Assigned task | Search the material below for the word "with". Copy every line where it is found.

Dataset content |
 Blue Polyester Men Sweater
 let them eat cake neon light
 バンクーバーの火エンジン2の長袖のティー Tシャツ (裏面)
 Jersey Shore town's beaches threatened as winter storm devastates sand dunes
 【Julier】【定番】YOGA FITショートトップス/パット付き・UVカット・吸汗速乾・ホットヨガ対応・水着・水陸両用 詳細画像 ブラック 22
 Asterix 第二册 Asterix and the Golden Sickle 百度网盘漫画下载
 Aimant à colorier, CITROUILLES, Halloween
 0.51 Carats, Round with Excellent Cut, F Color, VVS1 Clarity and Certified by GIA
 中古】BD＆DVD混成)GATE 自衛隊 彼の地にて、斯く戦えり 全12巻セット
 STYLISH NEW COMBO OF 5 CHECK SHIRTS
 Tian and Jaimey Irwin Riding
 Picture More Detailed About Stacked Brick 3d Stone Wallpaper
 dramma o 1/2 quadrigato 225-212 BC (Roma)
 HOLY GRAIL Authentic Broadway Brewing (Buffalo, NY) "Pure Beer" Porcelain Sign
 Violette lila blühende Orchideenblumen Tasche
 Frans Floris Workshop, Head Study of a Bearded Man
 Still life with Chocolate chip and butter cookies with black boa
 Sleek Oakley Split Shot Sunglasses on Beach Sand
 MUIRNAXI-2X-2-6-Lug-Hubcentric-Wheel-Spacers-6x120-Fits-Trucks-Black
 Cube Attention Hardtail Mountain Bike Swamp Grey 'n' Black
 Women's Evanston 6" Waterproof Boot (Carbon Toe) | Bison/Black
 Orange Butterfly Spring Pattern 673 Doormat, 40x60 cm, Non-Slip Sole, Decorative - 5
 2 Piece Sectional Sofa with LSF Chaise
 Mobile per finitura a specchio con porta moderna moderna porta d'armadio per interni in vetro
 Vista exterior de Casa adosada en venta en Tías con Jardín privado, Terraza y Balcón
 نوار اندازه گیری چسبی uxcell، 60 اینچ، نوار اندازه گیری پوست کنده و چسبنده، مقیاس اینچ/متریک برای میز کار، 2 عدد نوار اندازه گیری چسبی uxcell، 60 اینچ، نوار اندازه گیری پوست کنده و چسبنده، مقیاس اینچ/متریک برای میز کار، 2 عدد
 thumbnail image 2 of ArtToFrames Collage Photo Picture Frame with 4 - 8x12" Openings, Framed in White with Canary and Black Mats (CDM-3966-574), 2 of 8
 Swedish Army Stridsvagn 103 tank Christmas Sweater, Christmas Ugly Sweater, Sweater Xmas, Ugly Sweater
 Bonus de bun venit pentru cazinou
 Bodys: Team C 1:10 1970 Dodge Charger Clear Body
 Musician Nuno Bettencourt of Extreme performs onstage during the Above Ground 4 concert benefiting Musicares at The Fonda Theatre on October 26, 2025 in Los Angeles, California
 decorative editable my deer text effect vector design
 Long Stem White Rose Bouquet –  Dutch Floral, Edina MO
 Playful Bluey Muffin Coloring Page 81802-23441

Response box |
 0.51 Carats, Round with Excellent Cut, F Color, VVS1 Clarity and Certified by GIA
 Still life with Chocolate chip and butter cookies with black boa
 2 Piece Sectional Sofa with LSF Chaise
 thumbnail image 2 of ArtToFrames Collage Photo Picture Frame with 4 - 8x12" Openings, Framed in White with Canary and Black Mats (CDM-3966-574), 2 of 8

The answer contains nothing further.